*** Opening Given information ***

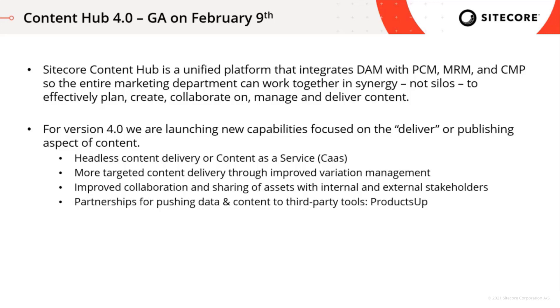So how are we doing this? What's new in terms of delivery? First, we are delivering headless content delivery, or content as a service. We've talked about this in the past and we're now launching it as available with Content Hub 4.0. Additional capabilities in terms of more targeted content delivery through improved variation management, as well as improved collaboration and sharing of assets with both internal and external stakeholders, are new to Content Hub 4.0 as well. And finally, in terms of pushing product content out or syndicating product content down to downstream apps or e-commerce sites, we have a partnership with a company called Products Up and we're improving our integration with them through Content Hub 4.0.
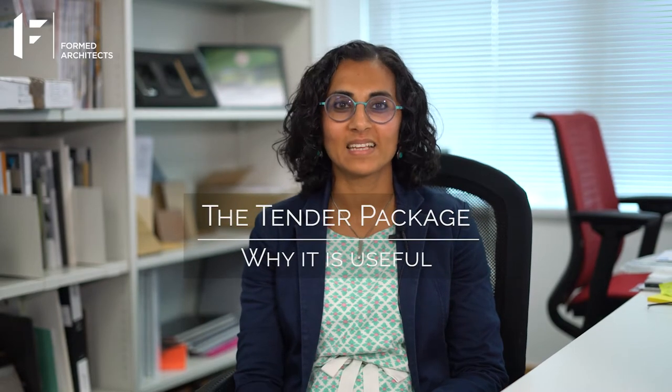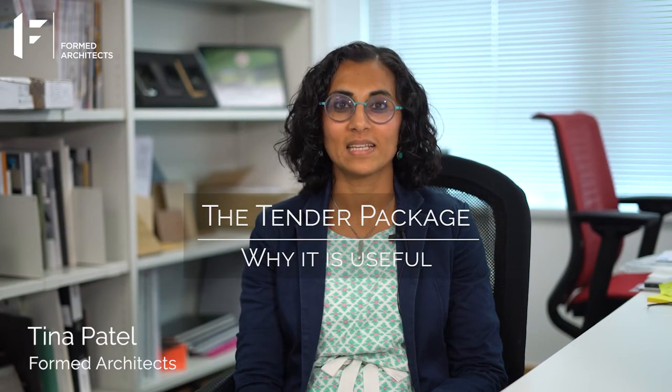Hi, I'm Tina Patel and today I'm going to talk about why a tender package is useful. Although not a statutory requirement, we always find that taking the time to prepare a tender package for a builder to price against is a worthwhile investment.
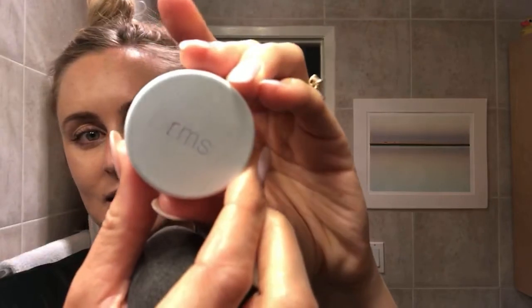Now it's time for bronzer. This is the RMS contour bronze. I like it for every day as opposed to a powder because it's more of a light, sun-kissed look. You want to go in a three on your face — literally a three. And then up here is how you make your forehead look a little smaller, which I always need — you just do up here and blend it down. This is a really good product, especially for summer. RMS is all natural. I like a lot of their products.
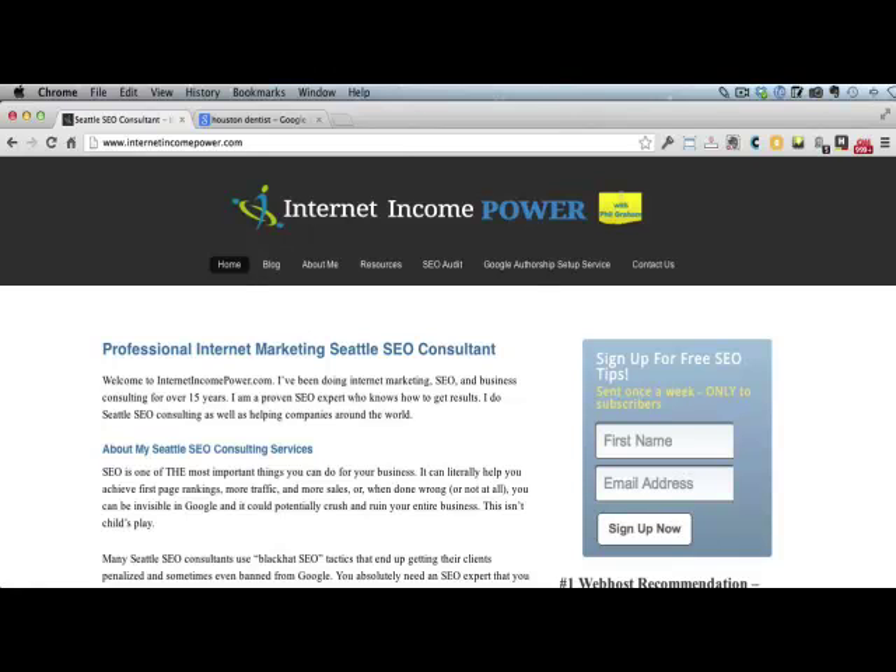Hey everybody, this is Phil Graham with InternetIncomePower.com. I'm a Seattle-based marketing and SEO consultant, and we help many different companies and entrepreneurs get top rankings in Google, and we also help them turn their website traffic and leads into paying customers that make them money.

*** Closing Given information ***

▶ _Prompt_
Restate the whole listing word for word. Omit the pictures.

▶ _Result_
So how are we doing this? What's new in terms of delivery? First, we are delivering headless content delivery, or content as a service. We've talked about this in the past and we're now launching it as available with Content Hub 4.0. Additional capabilities in terms of more targeted content delivery through improved variation management, as well as improved collaboration and sharing of assets with both internal and external stakeholders, are new to Content Hub 4.0 as well. And finally, in terms of pushing product content out or syndicating product content down to downstream apps or e-commerce sites, we have a partnership with a company called Products Up and we're improving our integration with them through Content Hub 4.0.
Hi, I'm Tina Patel and today I'm going to talk about why a tender package is useful. Although not a statutory requirement, we always find that taking the time to prepare a tender package for a builder to price against is a worthwhile investment.
Now it's time for bronzer. This is the RMS contour bronze. I like it for every day as opposed to a powder because it's more of a light, sun-kissed look. You want to go in a three on your face — literally a three. And then up here is how you make your forehead look a little smaller, which I always need — you just do up here and blend it down. This is a really good product, especially for summer. RMS is all natural. I like a lot of their products.
Hey everybody, this is Phil Graham with InternetIncomePower.com. I'm a Seattle-based marketing and SEO consultant, and we help many different companies and entrepreneurs get top rankings in Google, and we also help them turn their website traffic and leads into paying customers that make them money.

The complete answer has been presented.